• [Task prompt]: Starting at the line below with "(Trung Quốc) Bí" and stopping at the line with "Stan u zgradi blizu centra", please print each line exactly, those two included, and skip every picture.

• [Working data]:
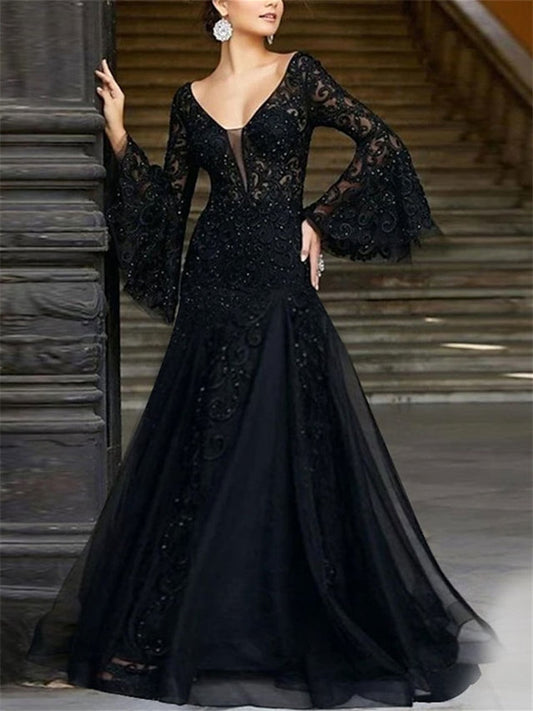 A-Line/Princess V-Neck Long Sleeves Floor-Length Evening Dresses With Appliques Black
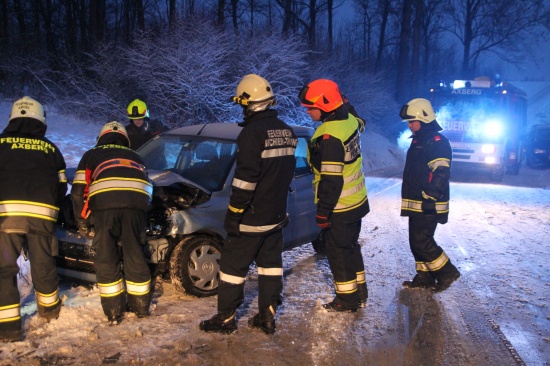 Schwerer Verkehrsunfall auf schneeglatter Fahrbahn in Kirchberg-Thening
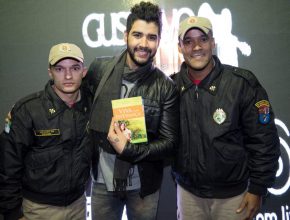 Cantor Gusttavo Lima recebe livro Viva com Esperança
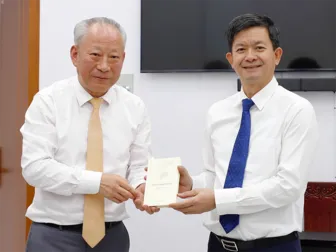 Bí thư Thành uỷ Cần Thơ tiếp Tập đoàn Xây dựng Thái Bình Dương (Trung Quốc) Bí thư Thành uỷ Cần Thơ tiếp Tập đoàn Xây dựng Thái Bình Dương (Trung Quốc)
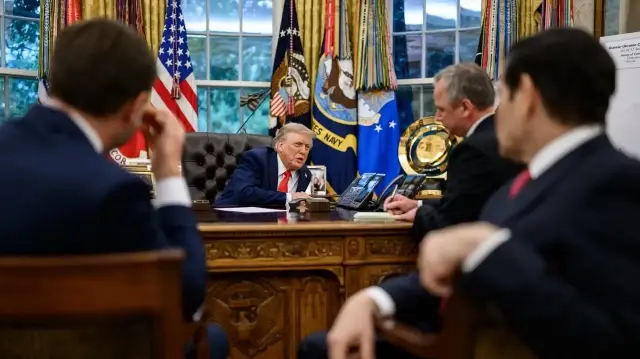 Le président Donald J. Trump au téléphone avec le président Poutine dans le bureau ovale, le 15 octobre 2025.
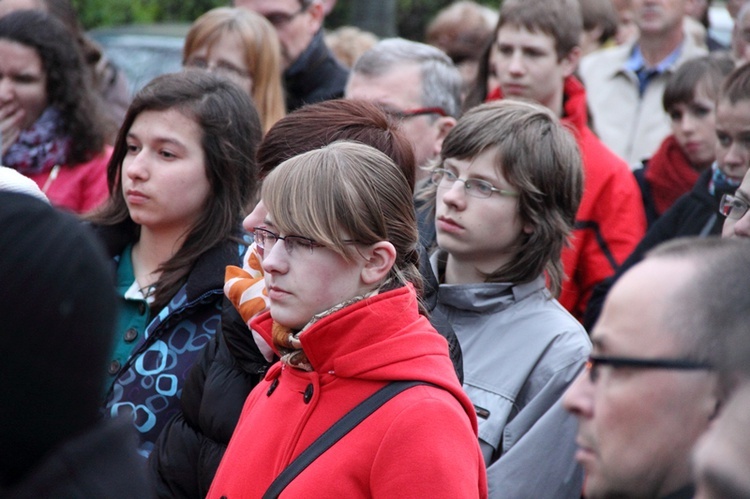 Droga Krzyżowa w Chorzowie 2014 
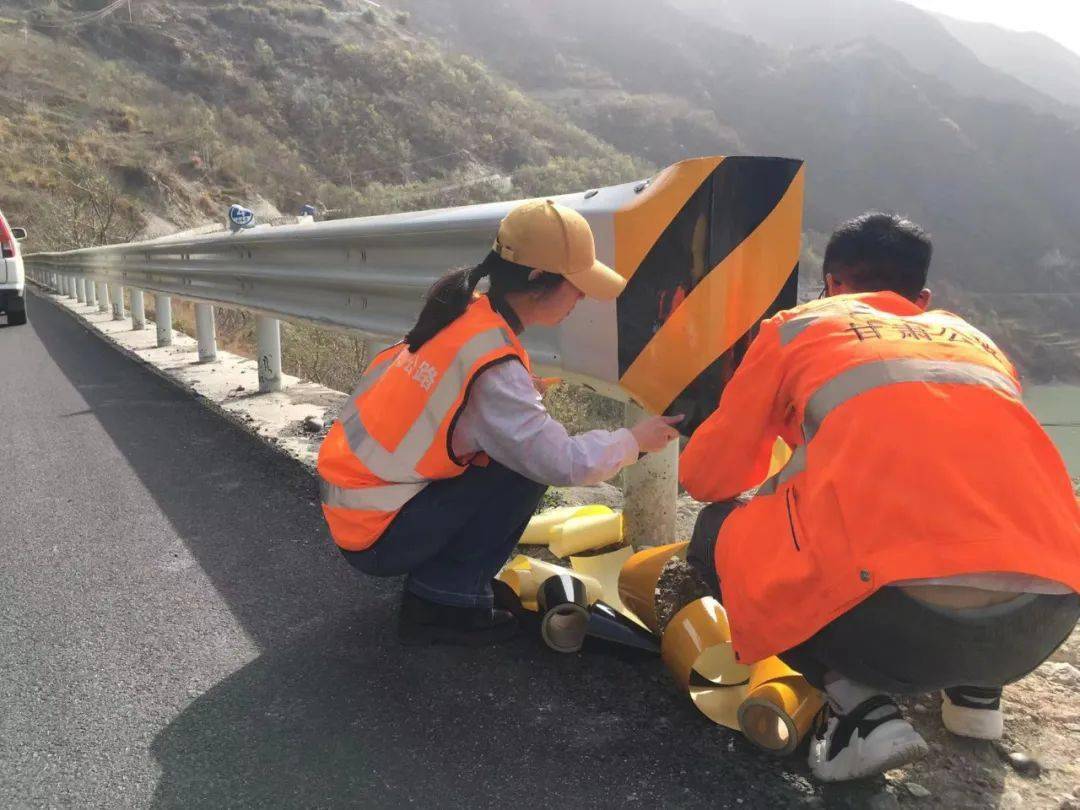 當好施工員練就真本領碧口公路段職能歸位職責落地小修作業隊工作小記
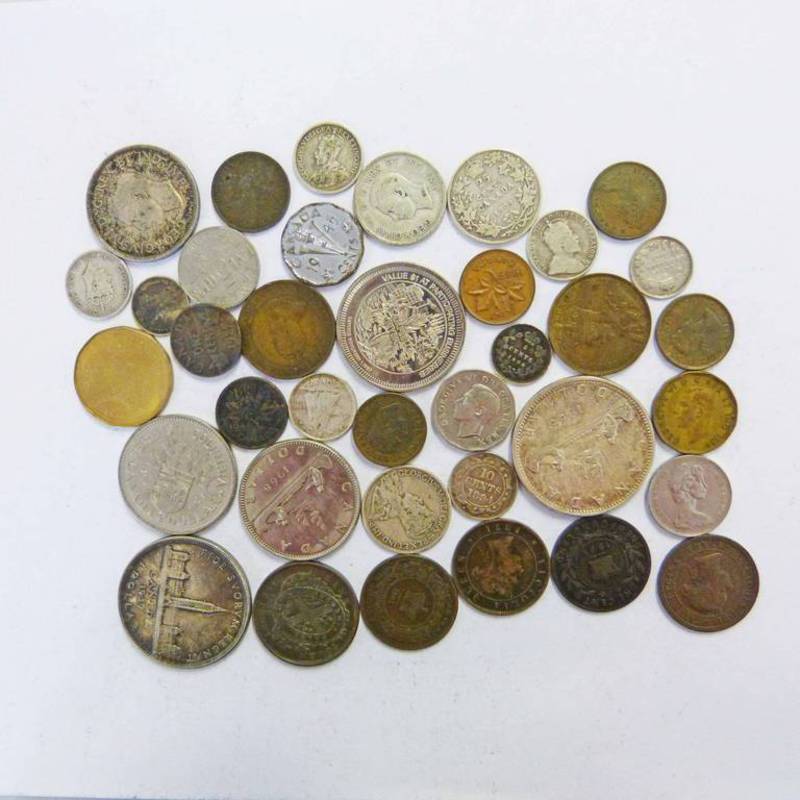 SELECTION OF 19TH AND 20TH CENTURY CANADIAN COINS AND TOKENS INCLUDING 1939 SILVER DOLLAR, 1837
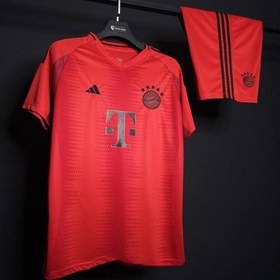 تصویر کیت اول پیراهن شورت بایرن مونیخ قرمز 2025/2024 تایلندی Bayern Munich Red 2025/2024 Thai Home Shirt Shorts Kit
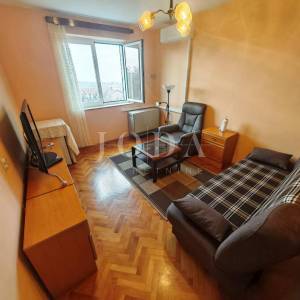 Stan u zgradi blizu centra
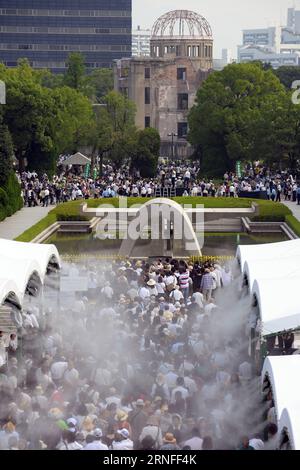 (160806) -- HIROSHIMA, le 6 août 2016 -- des personnes assistent à une commémoration pour pleurer les victimes des bombardements atomiques au Parc Momorial de la paix à Hiroshima, au Japon, le 6 août 2016. Hiroshima, la ville qui a subi les bombardements atomiques américains en 1945 pendant la Seconde Guerre mondiale, a commémoré le 71e anniversaire du bombardement samedi au Peace Memorial Park de la ville. (syq) JAPON-HIROSHIMA-BOMBARDEMENT ATOMIQUE-71e ANNIVERSAIRE-COMMÉMORATION MaxPing PUBLICATIONxNOTxINxCHN Hiroshima août 6 2016 des célébrités assistent à la commémoration des victimes Morne des bombardements atomiques AU Parc Momorial de la paix à Hiroshima Japon ON Banque D'Images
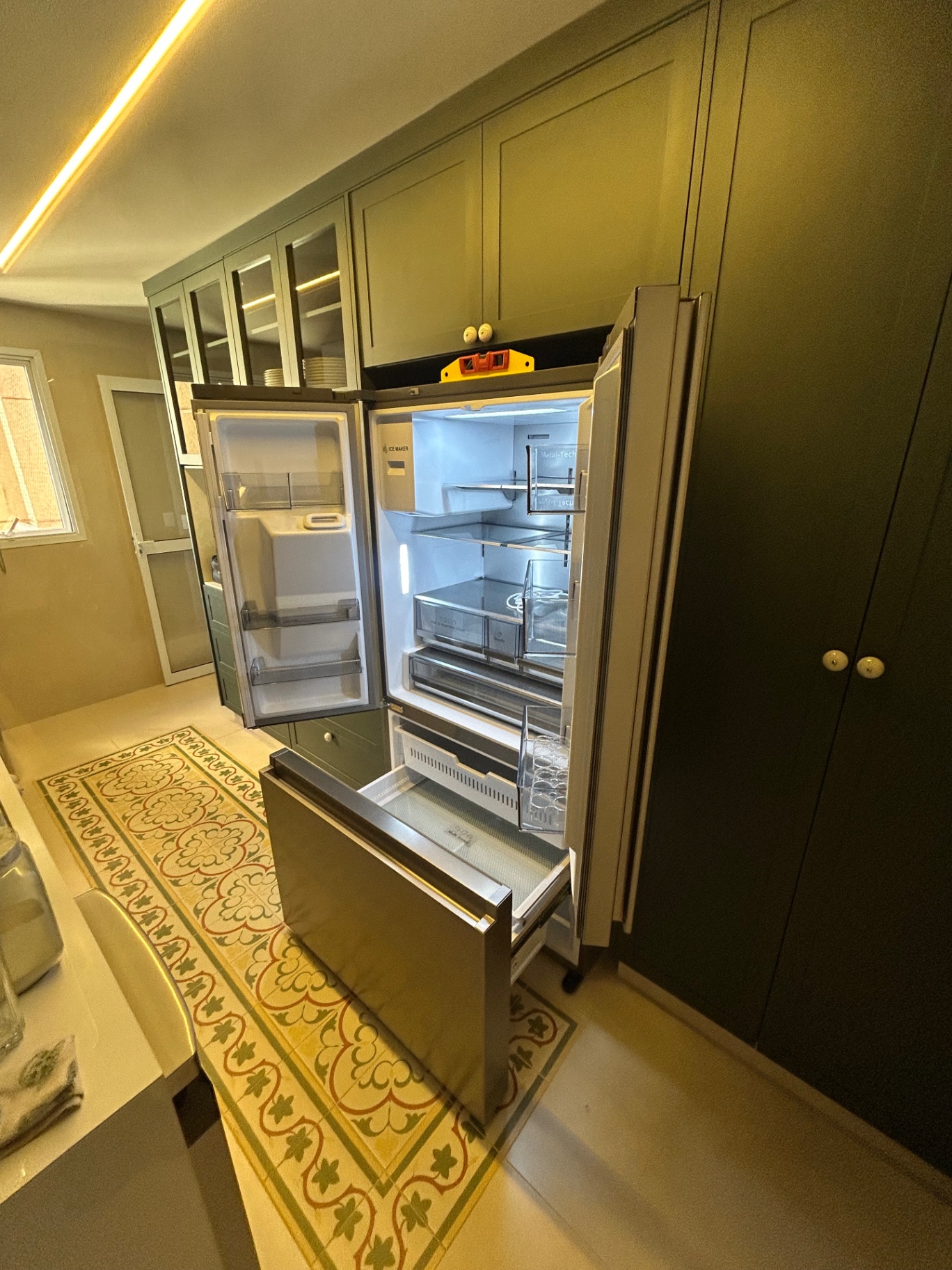 Refrigerador multidoor instalado e nivelado pela HCSTEC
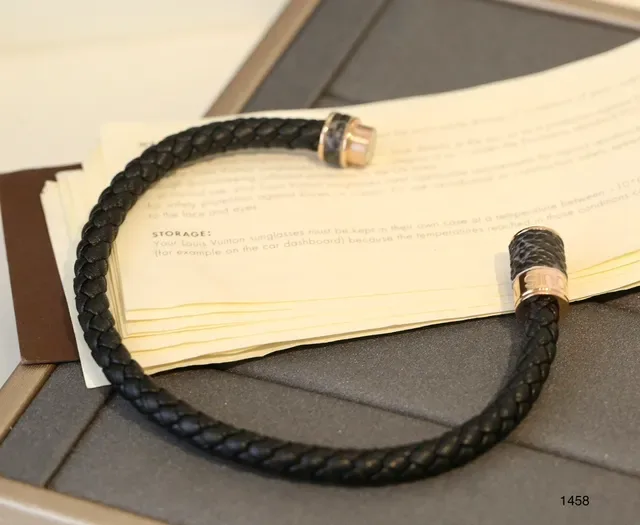 Louis Vuitton سوار أسود فضي جلد مضفر أسطواني إغلاق معدني 5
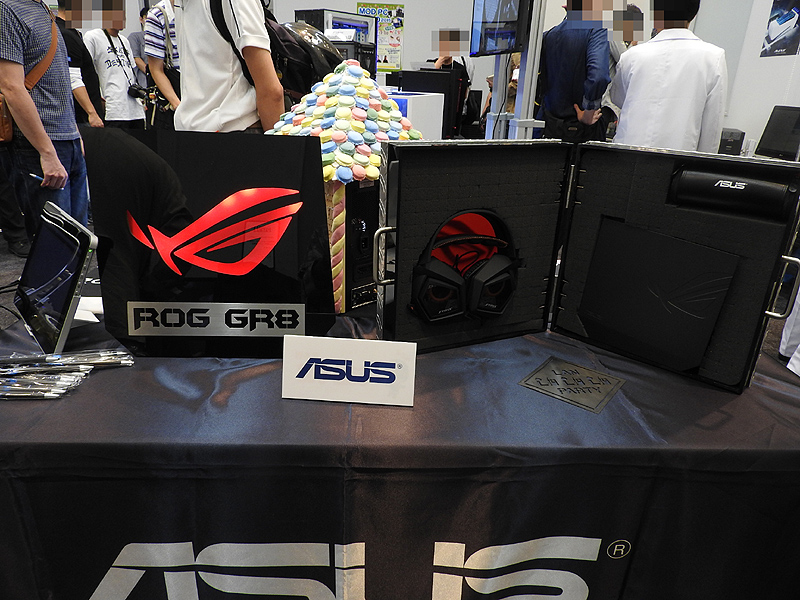 また、COMPUTEXで展示されていたアイテムも特別に展示されていた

• [Output for this task]:
 Bí thư Thành uỷ Cần Thơ tiếp Tập đoàn Xây dựng Thái Bình Dương (Trung Quốc) Bí thư Thành uỷ Cần Thơ tiếp Tập đoàn Xây dựng Thái Bình Dương (Trung Quốc)
 Le président Donald J. Trump au téléphone avec le président Poutine dans le bureau ovale, le 15 octobre 2025.
 Droga Krzyżowa w Chorzowie 2014 
 當好施工員練就真本領碧口公路段職能歸位職責落地小修作業隊工作小記
 SELECTION OF 19TH AND 20TH CENTURY CANADIAN COINS AND TOKENS INCLUDING 1939 SILVER DOLLAR, 1837
 تصویر کیت اول پیراهن شورت بایرن مونیخ قرمز 2025/2024 تایلندی Bayern Munich Red 2025/2024 Thai Home Shirt Shorts Kit
 Stan u zgradi blizu centra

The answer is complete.